Dal conformismo e consumismo deriva la spudoratezza, riferita non strettamente all'esibizione sessuale, quanto al crollo di quelle pareti che distinguono l'interiorita dall'esteriorità, il privato e l'intimo dalla sua esposizione e pubblicizzazione. Il nostro tempo vuole la pubblicizzazione del privato: come le merci per essere prese in considerazione vanno pubblicizzate, così gli uomini hanno la sensazione di esistere solo se si mettono in mostra. Per esserci bisogna apparire: si finisce così  per sostituire l'individualità mancata con la pubblicità dell'immagine. 

Sessomania

Nel proliferare incontrollato di immagini sessuali, sulle strade, sugli schermi, sulla carta stampata, la sessualità vera è tagliata fuori. Essa è estinta in ciò che ha di potenzialmente sovversivo e creativo. Nel sesso infatti parla l'altra parte di noi, quella follia notturna che l'Io diurno tiene a bada per garantire la vita di ogni giorno. Dunque la sessualità  esibita, messa spudoratamente in scena,  non aggancia tale dimensione inconscia, profonda ed enigmatica  ma resta in linea con le regole diurne dell'Io: professionismo, produttivismo, ripetizione.  

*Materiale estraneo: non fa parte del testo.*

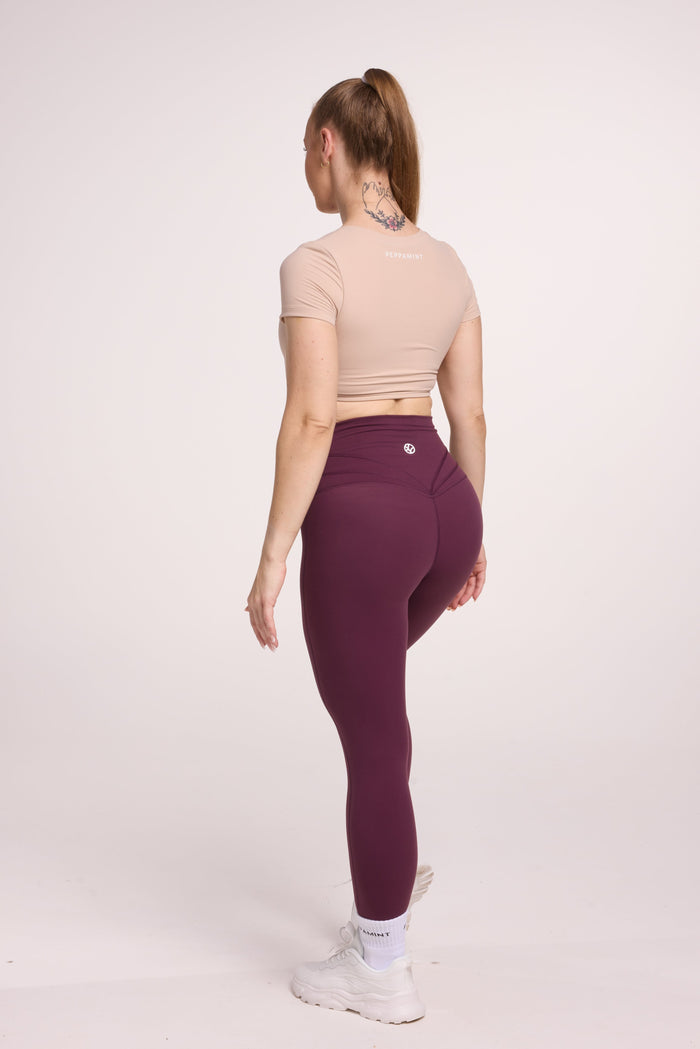 Buttery soft high waisted women's gym tights with curved back seam stitched detailing for a butt shaping effect, and no front rise seam, in plum purple paired with an V neck women's crop t-shirt with a supportive elasticated hem and triple layered fabric with removable pads for extra support in beige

L'effetto della donna nuda sul cartellone è raggelante e “spranga” la femminilità in tutto ciò che è autenticamente seducente, vivo e invitante: si tratta di un'esposizione di un oggetto di consumo, inerte, morto. Al posto della sessualità compare una parodia della sessualità stessa, controllata dai produttori della sessualità. Il desiderio si estingue e con esso il suo potere sovversivo. Che sia qui, nell'elisione della sessualità vera e propria la funzione sociale dell'odierna overdose di sessualità?   

Sociopatia

Sociopatia è sinonimo di immaturità affettiva, incapacità di simpatia e gratitudine, vita sessuale impersonale, apatia morale, falsità e insincerità, tendenza ad agire con gesti improvvisi di violenza. Molte storie di cronaca ma anche di vita di tutti i giorni sono riconducibili ai tratti della sociopatia, che deve la sua costituzione ad una mancata integrazione dell'affettività dei primi anni di vita. 

Che ruolo gioca la società in cui viviamo nel dilagare di questo modo di vivere improntato al seguire solo i propri pensieri, la propria strada, il proprio dolore? Secondo Galimberti alla base c'è un'educazione emotiva che oggi più che mai viene  lasciata al caso. La comunicazione emotiva va incontro ad una desertificazione in famiglia, nella scuola e nella società più allargata per via dell'individualismo esasperato che pervade la socialità  a tutti i livelli. È ancora la ricerca del profitto, dell'apparire, del successo a lasciare tutti più soli e ad identificare paranoicamente nel simile il nemico e la minaccia anziché l'amico verso cui nutrire empatia e solidarietà. 

Diniego

Il diniego è il vizio di negare l'esistenza di ciò che esiste e che per giunta si conosce. I mezzi di informazione oggi l'hanno reso esponenziale. Così che atteggiamento assumiamo di fronte alle immagini televisive che ci fanno ad esempio vedere profughi in fuga dai loro paesi? Spesso decidiamo consciamente di evitare queste informazioni così che ci ritroviamo a falsificare il nostro apparato cognitivo, emozionale e di azione: diventiamo in tal modo sempre indifferenti, freddi, apatici. Come diventare responsabili di ciò che sappiamo anche se le realtà con cui veniamo in contatto sembrano lontane a noi? Come tornare sensibili alla fraternità?

Vuoto

Per vuoto si intende il nichilismo giovanile, inteso come speranza delusa circa la possibilità di reperire un senso nella vita. Tre sono le forme che può assumere nella nostra società. 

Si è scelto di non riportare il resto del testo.